Thursday, March 31, 2005

Robert Creeley, 1926-2005

Since the American poet Robert Creeley died yesterday in Texas, there has been a flurry of activity over email lists and on blogs, with much being said and so much more that will still be said. One of our most important poets, Robert Creeley influenced innumerable writers not just in North America, but around the world.

His is a work that I have had a hard time not dipping into again and again, every few months going back into the deceptive ease in which he wrote. The clarity of a few lines saying volumes.

One of the groups he did impact on was the Tish group in the early 1960s out of Vancouver, through his participation in the Vancouver Poetry Conference of 1963 set up by Warren Tallman, as Creeley, along with Charles Olson, Robert Duncan, Denise Levertov and Allan Ginsberg opened up a whole new range of influence to young and younger poets Fred Wah, Phyllis Webb, Daphne Marlatt, Frank Davey, William Hawkins, Roy Kiyooka and so many others. As George Bowering wrote in his collection Craft Slices (Ottawa ON: Oberon Press, 1985), "In the late sixties Creeley’s poems became tiny fragments of perception held while he was being hurried through too many fast experiences in and out of the world." More recently, during an email interview I’ve been conducting, Bowering wrote, "I am replying to you on the day that Robert Creeley died. He was our best poet, and by our I mean no quibble. He was writing poems even now."

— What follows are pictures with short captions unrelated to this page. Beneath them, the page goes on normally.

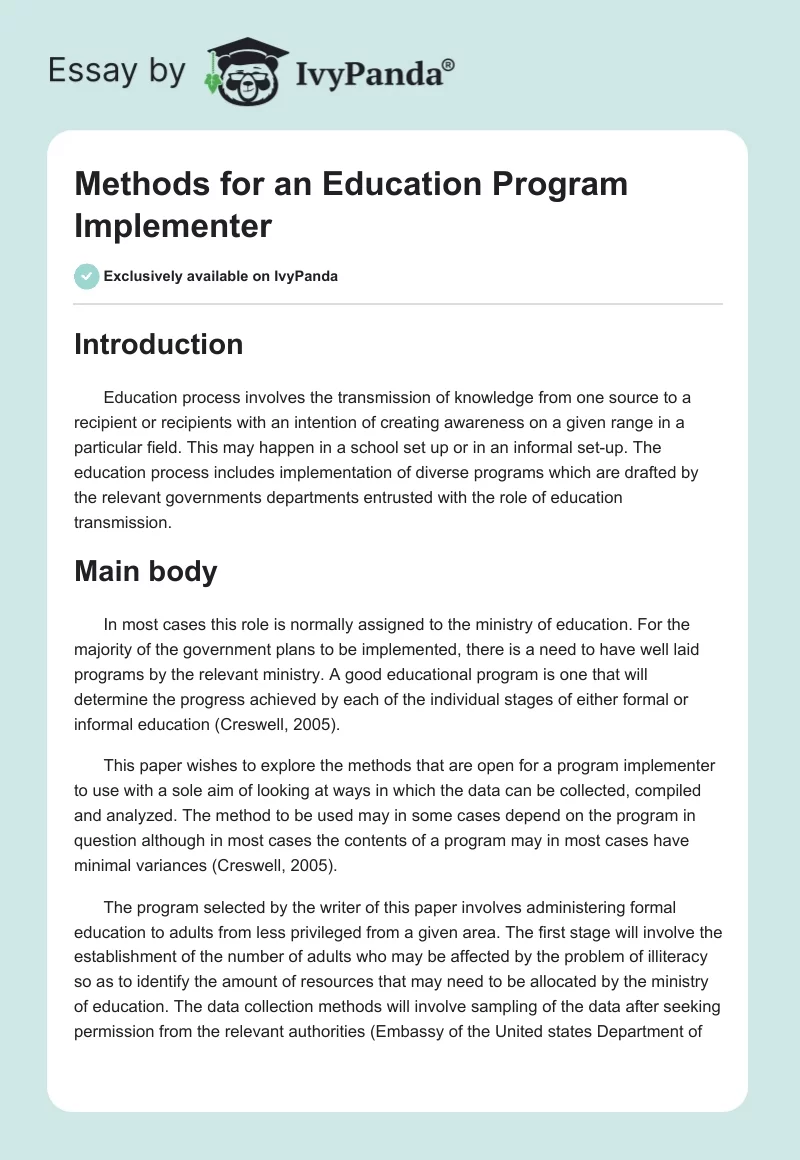 Methods for an Education Program Implementer. Page 1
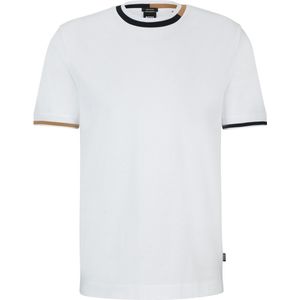 Hugo Boss - Gemerceriseerd Katoenen T-shirt - Wit - Ronde Hals, Korte Mouwen, Regular Fit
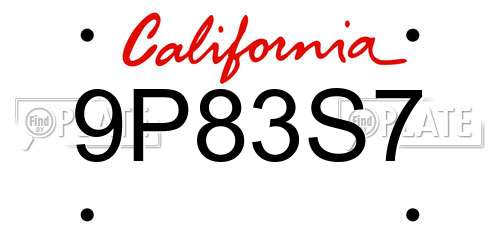 9P83S7 California License Plate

Part of what made Creeley’s influence impressive was due to the length of it, the breadth and the line of the writing that he had been doing for decades and kept doing, as well as the stories of his mentorship to younger writers everywhere, including Bowering and Barry McKinnon and perhaps hundreds of others. Not only through the work he had done, but the work he continued to do, such as in the collection If I were writing this that appeared in late 2003 with New Directions:

"IF I WERE WRITING THIS..."

If I were writing this
with prospect of encouragement
or had I begun some work
intended to be what it was

or even then and there it was what
had been started, even now
I no longer thought to wait,
had begun, had found

myself in the time and place
writing words which I knew,
could say ring, dog, hat, car,
was rushing, it felt, to keep up

with the trembling impulse,
the connivance the words contrived
even themselves to be though
I wrote them, thought they were me.

Talking recently of the scene in Prince George, an old logging town half up the province of British Columbia, poet Rob Budde says, "The influences that are more predominant here than in Winnipeg are Creeley (he’s everywhere – came up a few times for pivotal, influential readings), Spicer (via Stanley), Bowering (for some reason I can’t remember Bowering ever reading in Winnipeg), Fawcett (although that’s love/hate)." His influence was pervasive.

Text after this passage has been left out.